YOUR TASK
Although the data below holds other lines too, output only those from the line with "#LTKdayinmylife #LTKU #LTKHome" up to and including the line with "Image 20 of", exactly as they appear.

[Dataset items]
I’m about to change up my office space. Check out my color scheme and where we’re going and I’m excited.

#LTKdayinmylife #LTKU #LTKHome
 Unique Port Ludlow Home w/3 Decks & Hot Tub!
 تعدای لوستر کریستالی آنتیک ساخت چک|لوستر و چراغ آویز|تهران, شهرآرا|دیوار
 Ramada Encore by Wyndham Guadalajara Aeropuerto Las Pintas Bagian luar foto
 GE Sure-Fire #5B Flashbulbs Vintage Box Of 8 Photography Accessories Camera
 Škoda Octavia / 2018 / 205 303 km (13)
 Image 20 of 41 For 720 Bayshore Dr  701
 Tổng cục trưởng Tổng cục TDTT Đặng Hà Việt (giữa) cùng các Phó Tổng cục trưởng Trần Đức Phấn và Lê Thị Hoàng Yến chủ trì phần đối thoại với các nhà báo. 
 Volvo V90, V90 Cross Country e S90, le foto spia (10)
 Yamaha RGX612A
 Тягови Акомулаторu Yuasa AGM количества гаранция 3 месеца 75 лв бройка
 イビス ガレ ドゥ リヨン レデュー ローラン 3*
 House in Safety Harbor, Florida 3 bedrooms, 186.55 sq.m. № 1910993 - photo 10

WRITTEN ANSWER
#LTKdayinmylife #LTKU #LTKHome
 Unique Port Ludlow Home w/3 Decks & Hot Tub!
 تعدای لوستر کریستالی آنتیک ساخت چک|لوستر و چراغ آویز|تهران, شهرآرا|دیوار
 Ramada Encore by Wyndham Guadalajara Aeropuerto Las Pintas Bagian luar foto
 GE Sure-Fire #5B Flashbulbs Vintage Box Of 8 Photography Accessories Camera
 Škoda Octavia / 2018 / 205 303 km (13)
 Image 20 of 41 For 720 Bayshore Dr  701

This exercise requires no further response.